--- WHAT YOU ARE ASKED TO DO ---
Before you return the lines below, strip out any images and keep every word as written.

DATA SECTION Start Marker

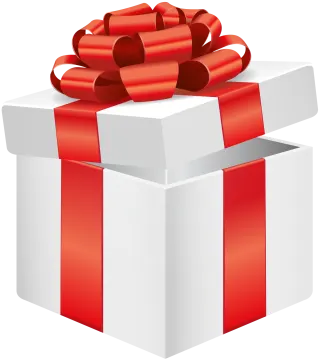 a white gift box with red ribbon and bow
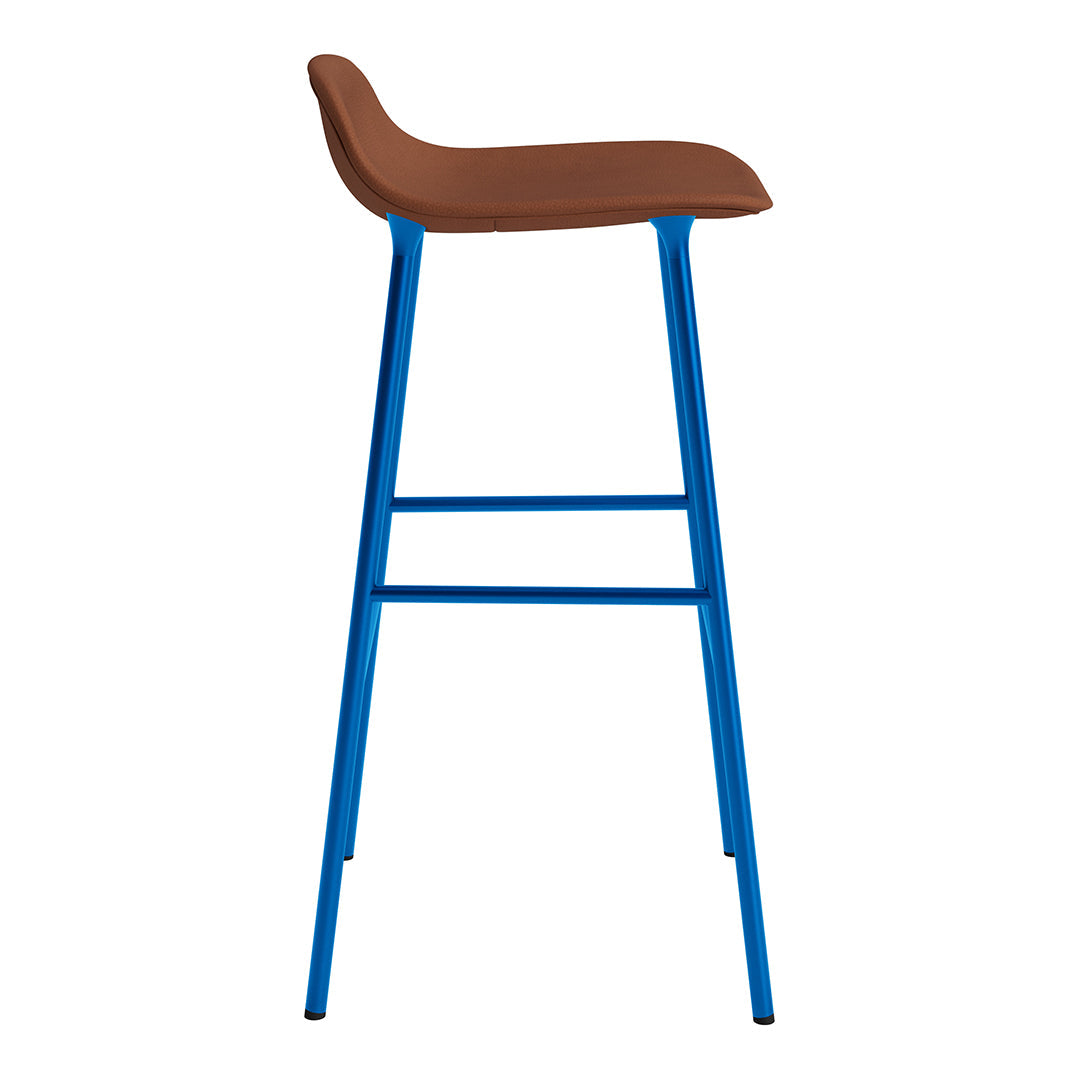 Brown seat with modern blue metal legs, featuring a sleek, minimalist design for contemporary spaces.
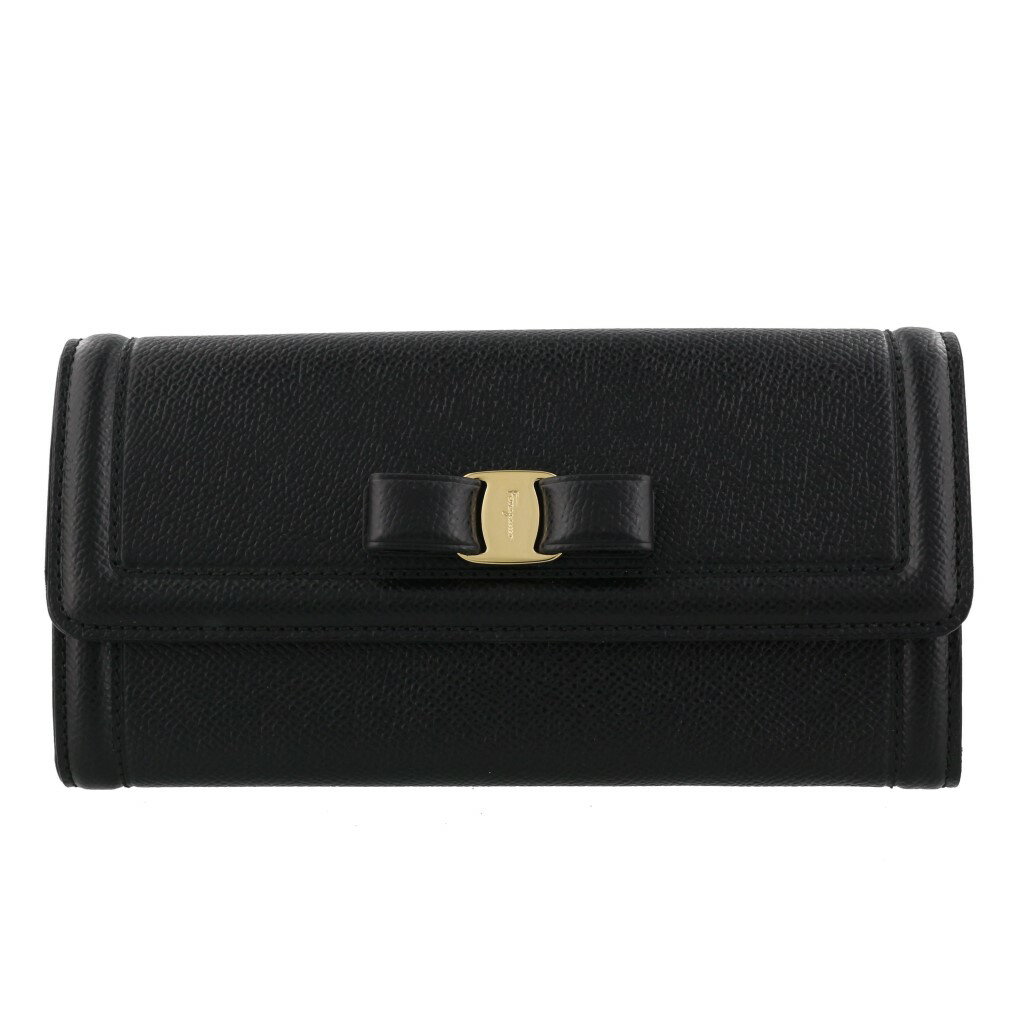 フェラガモ 財布（レディース） フェラガモ Ferragamo 長財布 レディース ヴァラリボン ブラック 22D154 683509 BLACK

DATA SECTION End Marker

--- SOLUTION ---
 a white gift box with red ribbon and bow
 Brown seat with modern blue metal legs, featuring a sleek, minimalist design for contemporary spaces.
 フェラガモ 財布（レディース） フェラガモ Ferragamo 長財布 レディース ヴァラリボン ブラック 22D154 683509 BLACK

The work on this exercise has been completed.